In Minnesota, anyone working with children must report maltreatment to police or a social service agency. Such people are designated as "mandated reporters" under state law. Reporting abuse to a school principal or any other supervisor does not excuse the person witnessing abuse from notifying investigative agencies.
That differs from Pennsylvania, where allegations of child sex abuse against former Penn State assistant football coach Jerry Sandusky led to an investigation of national importance.
In Pennsylvania, said law professor Wesley Oliver, employees witnessing child abuse are supposed to notify their superiors in their institutions or departments. That's where state law breaks down, said Oliver, of Widener University in Pennsylvania.
"Ultimately, the superior must report," he said. "There is a thorny question in Pennsylvania of who that superior is and who has a duty to report. For a major institution, this becomes a complicated question. Does that mean the chair of a department, or the dean of a division of the university, or even the president?"
Pennsylvania law also requires that anyone who learns about child abuse "in the course of his employment" must report it, he said. "Does that mean the employee of a university that educates adults? If so, does this statute mean, for instance, that a garbage man on his route who sees something suspicious must report it?"
The lesson from the Penn State scandal? "Somebody always finds out," said Rick Backman, the Washington County division manager who oversees child protection. "If you think there's a problem you should ask more [about it]. There are red flags all over the place."
While Washington County doesn't have a university, numerous cases of child sex abuse and beatings have hit the headlines in recent years. Even if Minnesota didn't have strong laws, Pelton said, adults have a moral responsibility to report suspected abuse.
"There has to be some push in the community that these kids are important to us and we should never tolerate mistreatment," he said.

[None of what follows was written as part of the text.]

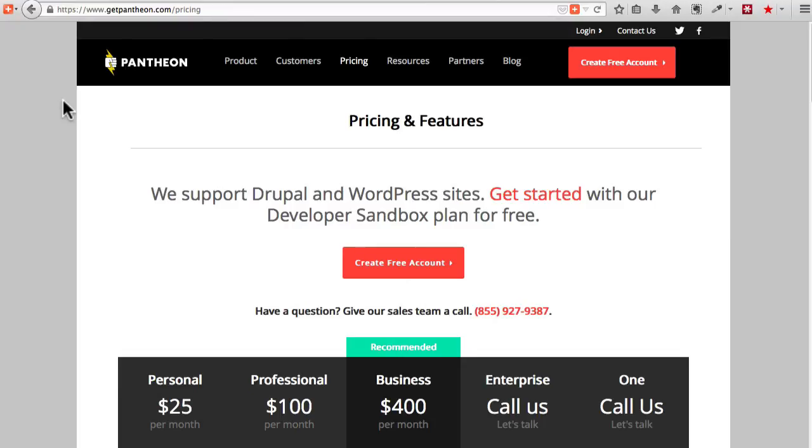You can take a look at all the features and benefits of Pantheon hosting, but for now, let's dive in.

Pelton has conducted dozens of informational sessions this year for adults who work with children to acquaint them with the law. Complaints made to the county are shared with police and vice versa. The identity of anyone reporting abuse is kept confidential, Pelton and Backman said.
Despite more sensational cases such as the Penn State sex scandal, history shows that neglect is the most common form of child abuse -- and results in the most deaths, Pelton said.
Examples would include "co-sleeping," where parents roll over in bed and suffocate small children. Others may involve driving drunk with kids in the vehicle, leaving small children unattended and failing to provide adequate food and shelter.